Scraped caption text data
--------------------------------
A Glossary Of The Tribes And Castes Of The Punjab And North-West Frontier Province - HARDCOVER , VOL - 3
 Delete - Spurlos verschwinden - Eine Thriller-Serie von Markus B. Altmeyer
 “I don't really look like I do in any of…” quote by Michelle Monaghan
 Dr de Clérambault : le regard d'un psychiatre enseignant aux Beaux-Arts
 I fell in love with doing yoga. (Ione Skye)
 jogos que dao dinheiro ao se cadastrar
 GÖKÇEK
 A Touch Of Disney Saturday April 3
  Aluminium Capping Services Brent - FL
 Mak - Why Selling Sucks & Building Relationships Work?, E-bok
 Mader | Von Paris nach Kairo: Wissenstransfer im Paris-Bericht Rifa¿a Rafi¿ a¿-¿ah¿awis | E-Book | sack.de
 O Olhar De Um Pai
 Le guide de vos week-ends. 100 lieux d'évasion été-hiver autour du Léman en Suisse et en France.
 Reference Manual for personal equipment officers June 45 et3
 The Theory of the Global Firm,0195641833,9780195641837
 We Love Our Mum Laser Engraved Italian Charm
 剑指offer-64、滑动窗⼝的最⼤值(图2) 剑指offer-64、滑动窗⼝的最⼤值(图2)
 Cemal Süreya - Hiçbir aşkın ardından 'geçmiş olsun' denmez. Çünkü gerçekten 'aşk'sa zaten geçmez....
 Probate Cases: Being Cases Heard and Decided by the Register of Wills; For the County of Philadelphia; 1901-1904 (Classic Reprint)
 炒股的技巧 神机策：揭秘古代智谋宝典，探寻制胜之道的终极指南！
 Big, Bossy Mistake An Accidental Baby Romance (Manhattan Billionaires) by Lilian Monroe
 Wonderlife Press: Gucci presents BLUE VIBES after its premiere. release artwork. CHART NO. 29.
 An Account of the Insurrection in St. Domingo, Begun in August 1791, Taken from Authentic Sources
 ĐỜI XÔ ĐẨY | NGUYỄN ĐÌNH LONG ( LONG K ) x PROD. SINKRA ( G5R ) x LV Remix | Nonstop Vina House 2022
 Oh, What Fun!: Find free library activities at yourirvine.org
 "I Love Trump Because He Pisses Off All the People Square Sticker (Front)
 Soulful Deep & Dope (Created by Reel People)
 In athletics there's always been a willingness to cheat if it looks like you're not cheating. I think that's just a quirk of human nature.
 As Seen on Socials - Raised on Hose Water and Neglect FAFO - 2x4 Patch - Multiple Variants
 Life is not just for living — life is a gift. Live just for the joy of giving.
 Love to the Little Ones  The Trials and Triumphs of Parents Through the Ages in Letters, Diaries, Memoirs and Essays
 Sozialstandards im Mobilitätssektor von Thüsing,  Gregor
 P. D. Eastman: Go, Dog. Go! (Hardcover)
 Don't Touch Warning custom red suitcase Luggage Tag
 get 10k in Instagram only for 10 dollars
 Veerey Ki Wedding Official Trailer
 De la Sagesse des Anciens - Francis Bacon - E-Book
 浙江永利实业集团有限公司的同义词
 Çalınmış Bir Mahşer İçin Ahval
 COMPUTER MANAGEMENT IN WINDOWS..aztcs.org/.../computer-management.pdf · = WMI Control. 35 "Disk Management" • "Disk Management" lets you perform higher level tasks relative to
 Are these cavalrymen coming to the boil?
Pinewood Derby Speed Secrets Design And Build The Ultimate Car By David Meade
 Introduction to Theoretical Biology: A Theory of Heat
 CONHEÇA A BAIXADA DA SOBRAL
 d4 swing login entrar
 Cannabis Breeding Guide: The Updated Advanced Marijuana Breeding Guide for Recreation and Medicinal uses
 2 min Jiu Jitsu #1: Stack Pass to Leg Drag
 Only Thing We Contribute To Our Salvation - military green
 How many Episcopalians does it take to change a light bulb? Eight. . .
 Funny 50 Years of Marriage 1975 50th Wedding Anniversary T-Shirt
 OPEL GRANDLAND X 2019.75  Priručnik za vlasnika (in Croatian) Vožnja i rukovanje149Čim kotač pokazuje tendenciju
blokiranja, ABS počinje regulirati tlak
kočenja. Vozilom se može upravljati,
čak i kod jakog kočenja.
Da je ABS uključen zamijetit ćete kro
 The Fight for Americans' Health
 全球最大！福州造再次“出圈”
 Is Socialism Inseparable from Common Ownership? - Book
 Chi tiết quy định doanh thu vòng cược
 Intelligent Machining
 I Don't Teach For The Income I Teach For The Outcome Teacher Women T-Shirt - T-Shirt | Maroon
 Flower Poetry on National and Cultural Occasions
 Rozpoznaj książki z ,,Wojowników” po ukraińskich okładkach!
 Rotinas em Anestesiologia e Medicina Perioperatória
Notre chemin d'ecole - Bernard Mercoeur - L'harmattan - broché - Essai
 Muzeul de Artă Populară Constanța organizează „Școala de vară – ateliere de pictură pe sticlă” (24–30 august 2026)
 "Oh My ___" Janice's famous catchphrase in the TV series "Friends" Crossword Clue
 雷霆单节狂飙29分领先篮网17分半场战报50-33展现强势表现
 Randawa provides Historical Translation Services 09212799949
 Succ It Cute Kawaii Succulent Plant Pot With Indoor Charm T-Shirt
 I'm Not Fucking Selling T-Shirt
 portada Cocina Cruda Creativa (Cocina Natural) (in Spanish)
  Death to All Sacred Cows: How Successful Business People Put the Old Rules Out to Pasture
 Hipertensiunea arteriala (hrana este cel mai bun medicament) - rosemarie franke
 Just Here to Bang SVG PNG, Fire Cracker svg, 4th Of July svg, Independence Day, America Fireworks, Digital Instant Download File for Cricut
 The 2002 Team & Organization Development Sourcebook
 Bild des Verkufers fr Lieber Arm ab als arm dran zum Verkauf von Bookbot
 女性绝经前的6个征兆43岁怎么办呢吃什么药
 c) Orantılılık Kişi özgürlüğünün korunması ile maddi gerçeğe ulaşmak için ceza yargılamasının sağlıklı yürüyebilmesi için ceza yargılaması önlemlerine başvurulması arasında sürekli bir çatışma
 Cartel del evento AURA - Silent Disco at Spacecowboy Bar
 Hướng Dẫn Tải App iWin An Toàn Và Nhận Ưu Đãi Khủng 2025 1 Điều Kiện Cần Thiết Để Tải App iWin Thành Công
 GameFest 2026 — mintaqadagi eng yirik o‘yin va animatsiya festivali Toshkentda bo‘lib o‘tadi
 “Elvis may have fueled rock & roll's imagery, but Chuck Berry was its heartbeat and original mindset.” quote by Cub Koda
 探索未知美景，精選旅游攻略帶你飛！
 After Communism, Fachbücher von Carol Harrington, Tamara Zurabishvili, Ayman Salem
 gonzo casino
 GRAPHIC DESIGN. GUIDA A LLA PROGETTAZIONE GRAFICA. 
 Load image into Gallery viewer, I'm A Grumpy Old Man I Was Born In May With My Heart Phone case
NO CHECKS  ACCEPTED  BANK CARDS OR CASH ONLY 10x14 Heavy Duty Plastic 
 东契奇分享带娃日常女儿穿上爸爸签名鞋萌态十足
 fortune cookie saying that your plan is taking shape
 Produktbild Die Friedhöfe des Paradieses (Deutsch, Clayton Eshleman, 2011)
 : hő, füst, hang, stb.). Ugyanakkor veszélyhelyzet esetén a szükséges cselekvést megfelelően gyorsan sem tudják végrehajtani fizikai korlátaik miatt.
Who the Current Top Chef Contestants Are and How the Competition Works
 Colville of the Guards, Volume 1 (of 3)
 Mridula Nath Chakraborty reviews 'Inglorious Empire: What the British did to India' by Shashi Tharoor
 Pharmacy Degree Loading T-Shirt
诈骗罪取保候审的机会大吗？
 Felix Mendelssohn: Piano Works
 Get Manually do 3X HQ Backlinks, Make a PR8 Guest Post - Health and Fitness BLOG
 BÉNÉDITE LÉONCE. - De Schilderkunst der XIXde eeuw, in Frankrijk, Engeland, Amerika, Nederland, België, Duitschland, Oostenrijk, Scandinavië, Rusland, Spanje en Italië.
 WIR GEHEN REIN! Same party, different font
--------------------------------
## EXERCISE AIM
Using the entries above, give again exactly the lines from the line holding "c) Orantılılık Kişi" through the line holding "探索未知美景，精選旅游攻略帶你飛！". Include both end lines and nothing else.

## COMPLETED EXERCISE
 c) Orantılılık Kişi özgürlüğünün korunması ile maddi gerçeğe ulaşmak için ceza yargılamasının sağlıklı yürüyebilmesi için ceza yargılaması önlemlerine başvurulması arasında sürekli bir çatışma
 Cartel del evento AURA - Silent Disco at Spacecowboy Bar
 Hướng Dẫn Tải App iWin An Toàn Và Nhận Ưu Đãi Khủng 2025 1 Điều Kiện Cần Thiết Để Tải App iWin Thành Công
 GameFest 2026 — mintaqadagi eng yirik o‘yin va animatsiya festivali Toshkentda bo‘lib o‘tadi
 “Elvis may have fueled rock & roll's imagery, but Chuck Berry was its heartbeat and original mindset.” quote by Cub Koda
 探索未知美景，精選旅游攻略帶你飛！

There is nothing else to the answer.